[ML] Performance improvements for categorization jobs by edsavage · Pull Request #89824 · elastic/elasticsearch

edsavage · 2022-09-06T15:06:10Z

Categorization of strings which break down to a huge number of tokens can cause the C++ backend process to choke - see elastic/ml-cpp#2403.

This PR adds a limit filter to the default categorization analyzer which caps the number of tokens passed to the backend at 100.

Unfortunately this isn't a complete panacea to all the issues surrounding categorization of many tokened / large messages as verification checks on the frontend can also fail due to calls to the datafeed _preview API returning an excessive amount of data.

elasticsearchmachine · 2022-09-06T15:06:36Z

Pinging @elastic/ml-core (Team:ML)

droberts195 · 2022-09-06T15:12:46Z

Also, the raw categorization field passed to the backend is truncated at 1000 characters.

Please split this part out into a separate PR so that it can be backported to 8.4 and 7.17 and it's clear what got backported and what didn't.

Also, I realised that we should truncate at 1001 characters on the Java side to preserve the behaviour that we add an ellipsis to the truncated example if truncation is necessary.

Split out the cap on the categorization field length to a separate PR. This PR adds a limit filter to the ml_standard tokenizer which caps the number of tokens passed to the backend at 20.

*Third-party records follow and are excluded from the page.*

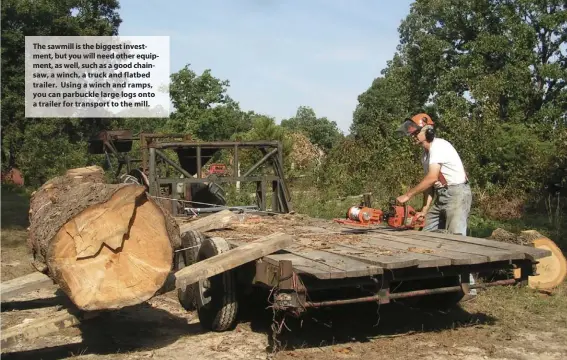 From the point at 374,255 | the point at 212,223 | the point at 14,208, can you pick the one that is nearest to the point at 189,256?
the point at 212,223

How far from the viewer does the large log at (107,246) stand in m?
4.42

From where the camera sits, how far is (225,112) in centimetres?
4312

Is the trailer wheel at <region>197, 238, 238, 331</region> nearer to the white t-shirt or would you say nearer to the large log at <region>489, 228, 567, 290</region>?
the white t-shirt

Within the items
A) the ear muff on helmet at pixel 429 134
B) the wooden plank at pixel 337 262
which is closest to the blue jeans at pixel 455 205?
the ear muff on helmet at pixel 429 134

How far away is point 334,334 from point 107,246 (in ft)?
7.13

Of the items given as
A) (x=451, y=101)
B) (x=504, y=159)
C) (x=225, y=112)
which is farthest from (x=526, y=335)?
(x=225, y=112)

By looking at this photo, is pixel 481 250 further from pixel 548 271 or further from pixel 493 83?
pixel 493 83

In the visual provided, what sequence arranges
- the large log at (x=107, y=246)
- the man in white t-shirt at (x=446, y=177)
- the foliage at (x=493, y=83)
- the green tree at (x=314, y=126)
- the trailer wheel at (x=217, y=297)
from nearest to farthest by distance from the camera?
1. the large log at (x=107, y=246)
2. the trailer wheel at (x=217, y=297)
3. the man in white t-shirt at (x=446, y=177)
4. the foliage at (x=493, y=83)
5. the green tree at (x=314, y=126)

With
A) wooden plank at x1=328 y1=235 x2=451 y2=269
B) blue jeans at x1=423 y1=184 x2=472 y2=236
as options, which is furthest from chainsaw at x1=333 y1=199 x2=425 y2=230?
wooden plank at x1=328 y1=235 x2=451 y2=269

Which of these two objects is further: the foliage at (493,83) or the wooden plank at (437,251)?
the foliage at (493,83)

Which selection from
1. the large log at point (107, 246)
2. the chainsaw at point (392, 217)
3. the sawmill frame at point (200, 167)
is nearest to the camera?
the large log at point (107, 246)

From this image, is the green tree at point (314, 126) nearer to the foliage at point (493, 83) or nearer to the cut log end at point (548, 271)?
the foliage at point (493, 83)

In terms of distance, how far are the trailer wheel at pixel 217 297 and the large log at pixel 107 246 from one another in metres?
0.64

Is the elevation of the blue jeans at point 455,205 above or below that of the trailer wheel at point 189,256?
above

droberts195 · 2022-09-06T17:06:52Z

...e/src/main/java/org/elasticsearch/xpack/core/ml/job/config/CategorizationAnalyzerConfig.java

    public static final ParseField TOKEN_FILTERS = AnalyzeAction.Fields.TOKEN_FILTERS;
    public static final ParseField CHAR_FILTERS = AnalyzeAction.Fields.CHAR_FILTERS;

+    public static final int MAX_TOKEN_COUNT = 20;


I think the limit should be 100 to match this:

elasticsearch/x-pack/plugin/ml/src/main/java/org/elasticsearch/xpack/ml/aggs/categorization/TokenListCategorizer.java

Line 43 in 93bc2e3

public static final int MAX_TOKENS = 100;

Restricting it from unlimited to 20 in a single release is pretty radical and I don't think we understand all the consequences of doing that.

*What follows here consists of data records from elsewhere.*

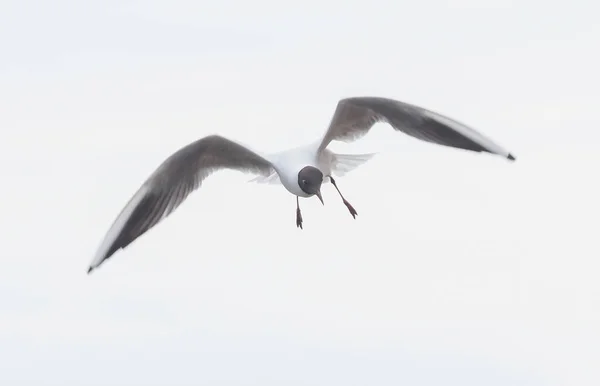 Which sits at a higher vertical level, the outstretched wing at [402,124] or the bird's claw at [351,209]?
the outstretched wing at [402,124]

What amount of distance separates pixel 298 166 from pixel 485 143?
1.55 metres

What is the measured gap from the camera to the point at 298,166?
11500 millimetres

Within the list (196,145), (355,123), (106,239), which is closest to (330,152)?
(355,123)

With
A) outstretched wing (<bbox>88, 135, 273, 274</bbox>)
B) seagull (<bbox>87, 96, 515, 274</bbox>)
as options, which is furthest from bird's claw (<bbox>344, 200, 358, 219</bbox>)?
outstretched wing (<bbox>88, 135, 273, 274</bbox>)

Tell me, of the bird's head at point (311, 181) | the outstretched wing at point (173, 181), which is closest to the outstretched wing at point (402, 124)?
the bird's head at point (311, 181)

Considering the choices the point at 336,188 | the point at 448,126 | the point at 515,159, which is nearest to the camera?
the point at 515,159

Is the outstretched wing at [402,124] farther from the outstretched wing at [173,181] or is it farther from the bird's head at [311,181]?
the outstretched wing at [173,181]

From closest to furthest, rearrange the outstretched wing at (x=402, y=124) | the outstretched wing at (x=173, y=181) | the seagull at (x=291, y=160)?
1. the outstretched wing at (x=402, y=124)
2. the seagull at (x=291, y=160)
3. the outstretched wing at (x=173, y=181)

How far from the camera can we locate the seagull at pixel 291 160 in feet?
36.8

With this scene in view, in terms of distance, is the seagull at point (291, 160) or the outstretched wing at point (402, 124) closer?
the outstretched wing at point (402, 124)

If 21-100 tokens makes the C++ too slow then I think we need to profile the C++ code and figure out why and see if we can optimise that code.

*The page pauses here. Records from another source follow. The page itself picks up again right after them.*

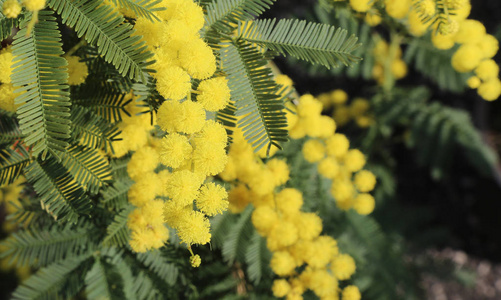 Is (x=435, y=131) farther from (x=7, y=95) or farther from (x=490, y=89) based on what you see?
(x=7, y=95)

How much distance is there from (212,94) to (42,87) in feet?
0.92

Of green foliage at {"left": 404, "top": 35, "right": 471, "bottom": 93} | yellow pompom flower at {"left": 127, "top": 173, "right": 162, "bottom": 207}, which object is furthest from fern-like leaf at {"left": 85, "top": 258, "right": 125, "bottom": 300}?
green foliage at {"left": 404, "top": 35, "right": 471, "bottom": 93}

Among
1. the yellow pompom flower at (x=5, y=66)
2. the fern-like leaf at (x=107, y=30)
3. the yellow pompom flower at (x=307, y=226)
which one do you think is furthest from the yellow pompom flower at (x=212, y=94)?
the yellow pompom flower at (x=307, y=226)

Increase MAX_TOKEN_COUNT to 100

droberts195 · 2022-09-08T08:18:17Z

There are a couple of YAML tests that need updating to reflect the change:

ml/jobs_crud/Test update job
reference/ml/common/apis/get-ml-info:15 (in the docs)

droberts195

LGTM

edsavage · 2022-09-08T16:00:27Z

@elasticmachine update branch

edsavage · 2022-09-08T16:41:27Z

@elasticmachine update branch

* main: (34 commits) Make sure ivy repo directory exists before downloading artifacts Use 'file://' scheme for local repository URL Use DRA artifacts for release build CI jobs Log unsuccessful attempts to get credentials from web identity tokens (elastic#88241) Script: Write Field API path manipulation (elastic#89889) Fetch health info action (elastic#89820) Fix memory leak in TransportDeleteExpiredDataAction (elastic#89935) [ML] Performance improvements for categorization jobs (elastic#89824) [DOCS] Revert changes for ES_JAVA_OPTS (elastic#89931) Fix deadlock bug exposed by a test (elastic#89934) [Downsampling] Remove `FieldValueFetcher` validator (elastic#89497) Fix segment stats in tsdb (elastic#89754) Synthetic _source: support dense_vector (elastic#89840) REST tests fetching fields with synthetic _source (elastic#89888) Do not deserialize back BytesTransportRequest to clone a request in MockTransportService (elastic#89926) Add SDK request logging to debug failures of S3BlobStoreRepositoryTests#testRequestStats (elastic#89912) Fix SnapshotStatusApisIT.testGetSnapshotsWithSnapshotInProgress (elastic#89925) Document synthetic source for text and keyword (elastic#89893) Fix CloneSnapshotIT.testRemoveFailedCloneFromCSWithQueuedSnapshotInProgress (elastic#89914) Add missing index.mapping.total_fields.limit setting to the target index (elastic#89875) ...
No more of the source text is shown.